El botijo

BUENA DIGESTIÓN. Existen muchas maneras de proveerse de agua fresca, una de las mejores, es la botija

16 jun 2019 / 11:32 H.

Es una pena que en este tiempo de revival tan crudo como nos trae Vox en España (y tantos sosias de nuestros taurinos a lo largo del mundo), no hayan destacado el botijo como el útil más preciado de la “civilización” tan arcaica como intacta que despliega y quisiera imponer. Y extraña, porque el botijo (y la botija) es casi uno de los pocos utensilios —húmedos y saludables— que se mantuvieron fuera de la ponzoña de aquella sociedad rural, clasista y semianalfabeta que ahora se nos redescubre como panacea para el nuevo tiempo sin haber hecho de ella la más mínima relectura, o siquiera un liftin: ¡Cómo si la solución estuviera en volver 100 años atrás de nuevo”.

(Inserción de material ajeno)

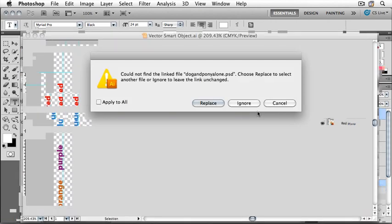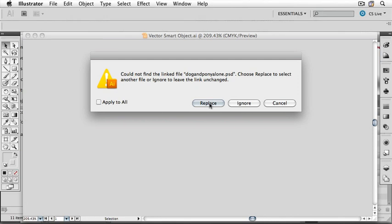Now it's going to warn us that it can't find the linked file DogAndPonyAlone. This is a linked file and it is included in your project files folder. We can replace it now.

Porque el botijo (y la botija) trascendió a la cultura de clase y fue adoptado, como el geranio o la rosa, tanto en el palacio como la maceta humilde que colgaba de la fachada blanca del arriero. Blanco pajizo o rojo caolín, y en mil formas más hasta hacerse cántaro, siempre supo colocarse en el lugar más confortable de la casa, la fábrica o el tajo; en esa zona precisa donde siempre buscaba acomodo el cura o se arrebujaba el gato. La celebración del botijo fue general hasta hace bien poco tiempo.

Tan celebre fue que voló fuera de nuestras fronteras. En ocasión única como fue una cena con Fidel Castro, que duró hasta la amanecida y cuando se habían agotado las existencias de orujo de Lugo, el dictador, entre irónico y burlón, dijo que de la herencia que habían dejado los españoles en su isla destacaban sobre todo lo demás el botijo y la mulata.

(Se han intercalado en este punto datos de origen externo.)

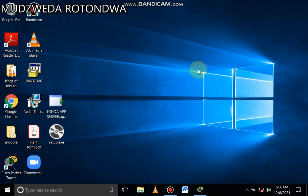Hello guys, it's Mudzweda Rotondwa again. I'm back with another video that is going to show you the quickest, best shortcut to find your Task Manager in your computer. How do we find them? The simplest way...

Sin embargo, hoy desaparece. Puede que aún se encuentre mustio y grasiento bajo la fresa antigua del taller mecánico u olvidado en un rincón de la nave oscura de la cooperativa que vende piensos y abonos. Lo arrumbó la famosa botellita de plástico, y antes la abundancia de hielo. Y porque los hijos del campo se convirtieron en su mayoría en moradores suburbiales de la gran ciudad en la que no logró encontrar el lugar adecuado para él.

Pero el tiempo —ese catalizador o dinamita de todo— también muda de camisa cuando le viene en gana y ocurre que, como ahora, comenzamos a mal ver la famosa botellita porque el plástico se ha convertido en la nueva amenaza: es el populista más temible en el reino del medio ambiente. Existen miles de maneras de servir o proveerse de agua clara, fresca, potable y apetitosa; la más sencilla y socorrida es llenar una jarra en el grifo de la cocina. Pero la mejor sería hacer que el botijo retorne al bar y al restaurante; al tajo y la oficina; a las reuniones de entendidos y expertos y al Consejo de Ministros. Todos beberíamos agua a su temperatura exacta, la del ambiente, ni caliente como los chinos, ni helada como los yanquis. Además, le quitaríamos un gran peso de encima al restaurador cutre y pesetero que reprocha quién le paga el coste que tiene para su negocio servir agua del grifo en la mesa. Le valdría con rellenar de vez en cuando los botijos colocados en un pedestal por esquina.

Sí, los atorrantes de Vox han perdido la oportunidad de congraciarse con el prediluviano oficio de alfarero y dar así una nueva oportunidad a los amantes de la greda que aún resisten como buzos en tantas rayas marginales de España. Y de paso aportar una alternativa real y positiva a un problema real: el plástico.